Third Quarter Asset Allocation Report
2015 is off to a slow start for investors, as stocks closed the second quarter essentially flat year-to-date and bond returns were generally negative. There are some positive takeaways from the second quarter that should not be overlooked, however.
- The economy is again growing slowly (likely near 2% in the second quarter) after grinding to a halt in the first quarter. The thought of the first quarter stall leading to a recession is fading, and while our WCA Fundamental Conditions Barometer is far from strong, it has stopped slipping and has even seen a small bounce in recent weeks. The bottom line is that overall conditions seem to indicate that the economy continues to grow, a positive for equities.
- Crosscurrents between generally stronger domestic data and weakness in China, along with recurring worries over Greece, produced a grudging improvement in our WCA Fundamental Conditions Barometer through the second quarter. We expect real domestic GDP growth to accelerate from the first quarter’s modest contraction, but remain below the long-term trend. Overall, the mix of data in Q2 was moderately positive.

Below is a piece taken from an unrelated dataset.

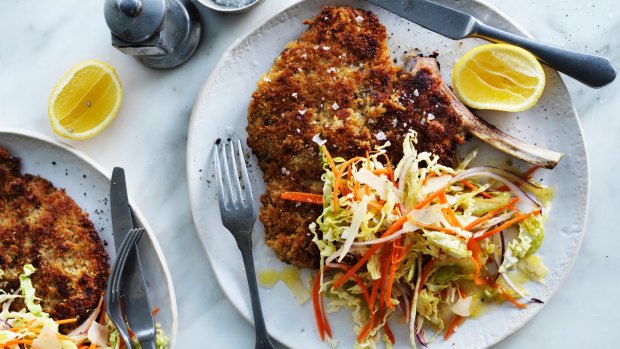 Veal cotoletta with coleslaw.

LONG-RUN STRATEGIC POSTURE: Strategic allocations are set to reflect our long-run forecasts for key asset classes. We expect the domestic economy to grow near 2.3% over time, driven by modest growth in the labor force, positive contributions from capital investment, and increasing innovation and technology-driven productivity gains. Cash returns should rise gradually toward a long-run target near 3.5-4% and should average roughly 2% over the next five years as the Fed raises rates in acknowledgement of tightening labor markets and a further closing of the economy’s output gap (a measure of slack). Inflation expectations should remain anchored near 2%.

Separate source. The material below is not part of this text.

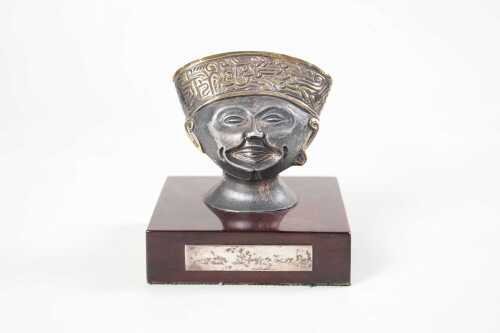 Mexican parcel gilt silver bust on timber base, weight of silver 167g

NEAR-TERM TACTICAL POSTURE: The CONQUEST portfolios are allocated in accordance with our WCA Fundamental Conditions Index and long-run return considerations. The index slipped from September through the first quarter and appears to have stabilized in the second quarter, suggesting the U.S. economy is picking up some momentum. We remain moderately underweight equities as we move into the second half of the year. Meanwhile, China’s slipping growth rate and Greece’s troubles are weighing on investor expectations. Consequently, we remain overweight domestic equities within the equity allocation.
No tactical changes were made during the second quarter.